• Font size:
  • Decrease
  • Reset
  • Increase

KPU Perlu Beri Pencerahan Soal Pemilu

 

SEMARANG, suaramerdeka.com– Masih banyaknya masyarakat yang pesimis dengan hasil – hasil pemilu, perlu ada upaya membangkitkan kesadaran masyarakat sebagai pemilih dalam pemilu. Jadi diharapkan tidak ada mereka yang menjadi golongan putih (golput). Untuk mengatasi persoalan itu, maka Komisi Pemilihan Umum (KPU) perlu memberi pencerahan ke masyarakat. Hal itu disampaikan Rukma Setiabudi Ketua DPRD Jateng dalam Diskusi Prime Topic dengan tema: Dinamika Pilkada Serentak, di ruang Cendana, Hotel Oak Tree Semarang, Senin (17/10).

Rukma menambahkan, bahwa pencerahan pemilu jangan sekadar pencerahan.”Namun perlu meyakinkan bahwa hasil – hasil pemilu yang memilih wakil rakyat atau pemimpin daerah mampu menyelesaikan persoalan – persoalan di daerahnya. Termasuk memajukan pembangunan,” kata Rukma.

Ketua KPU Jateng Joko Purnomo sepakat dengan paparan Rukma Setiabudi. Menurutnya, pencerahan yang dilakukan KPU adalah berupa pendidikan pemilu ke sekolah – sekolah misalnya.”Bukan sekadar siswa SMA yang kemungkinan sudah bisa memberikan hak suaranya. Tetapi anak – anak TK pun juga sudah saatnya mendapatkan pendidikan pemilu. Apalagi modal sosial masyarakat terhadap pemilu saat ini sudah semakin turun. Jadi perlu dikembalikan lagi ke arah lebih baik melalui pencerahan pemilu,” kata Joko.

Lebih lanjut Joko mengatakan, bahwa persoalan yang dihadapi dalam pencerahan pemilu adalah, banyak warga Indonesia menjadi perantau di luar negeri.”Namun baik perantau di luar negeri atau luar kota, mereka mayoritas antusias dalam mengikuti pemilu,” tambahnya.

Pengamat politik dari Universitas Diponegoro (Undip) Semarang, Teguh Yuwono mengatakan, bahwa perlu sekali KPU memberi pencerahan pemilu ke masyarakat.”Karena ketika masyarakat ditanya soal bagaimana hasil pemilu, 70 persen mengatakan bahwa mereka tidak percaya terhadap hasil pemilu itu sendiri.

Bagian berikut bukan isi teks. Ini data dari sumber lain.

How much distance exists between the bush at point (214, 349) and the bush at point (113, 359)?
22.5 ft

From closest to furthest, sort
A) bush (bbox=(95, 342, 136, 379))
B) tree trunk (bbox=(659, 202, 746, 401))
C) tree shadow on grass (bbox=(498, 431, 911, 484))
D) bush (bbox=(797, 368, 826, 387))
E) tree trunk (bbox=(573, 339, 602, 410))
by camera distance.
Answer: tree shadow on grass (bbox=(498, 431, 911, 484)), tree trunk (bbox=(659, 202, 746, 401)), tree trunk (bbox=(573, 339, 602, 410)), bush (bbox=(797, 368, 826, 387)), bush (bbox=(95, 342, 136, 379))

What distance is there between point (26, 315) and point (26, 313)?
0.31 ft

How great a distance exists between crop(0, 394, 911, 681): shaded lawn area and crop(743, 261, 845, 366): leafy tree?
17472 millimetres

Mereka butuh wakil rakyat atau pemimpin yang mumpuni. Maka itu setiap parpol harus mampu memiliki kader yang baik dan dipersiapkan sebagai calon pemimpin daerah atau presiden. Bukan satu calon didukung koalisi beberapa parpol seperti saat ini,” kata Teguh Yuwono.

Comments   

 
0 #1 Sylvia 2019-01-03 07:11
hey there and thank you for your info – I have definitely picked up anything new
from right here. I did however expertise several technical points using this web site, since I experienced to reload the
web site a lot of times previous to I could get it to
load correctly. I had been wondering if your hosting
is OK? Not that I'm complaining, but sluggish loading instances
times will sometimes affect your placement in google and could damage your quality score if advertising and marketing with Adwords.
Well I'm adding this RSS to my e-mail and can look out for a lot more of your respective interesting content.
Make sure you update this again soon.
Quote
 

Add comment


Security code
Refresh

FOTO KEGIATAN

imageimageimageimageimageimageimageimageimageimageimageimageimage

LPPD Research Institute

LPPD Research Institute merupakan Lembaga Pengkajian Pembangunan Daerah yang berada di Jawa Tengah. Researching, Consulting, Training and Publishing. Dr. Drs. Teguh Yuwono, M.Pol.Admin sebagai Direktur Eksekutif.

APSIPI

Asosiasi Program Studi Ilmu Pemerintahan Indonesia (APSIPI) dibentuk sebagai hasil dari SIMPOSIUM NASIONAL PROGRAM STUDI ILMU PEMERINTAHAN Se-INDONESIA pada tanggal 23-24 November 2014 di Hotel Narapati Bandung yang diselenggarakan oleh Program Studi Ilmu Pemerintahan Universitas Padjadjaran [ more detail ]

Link Terkait

   

 

Artikel Populer

Publikasi Populer

Kontak

Info kontak:

Email: This email address is being protected from spambots. You need JavaScript enabled to view it.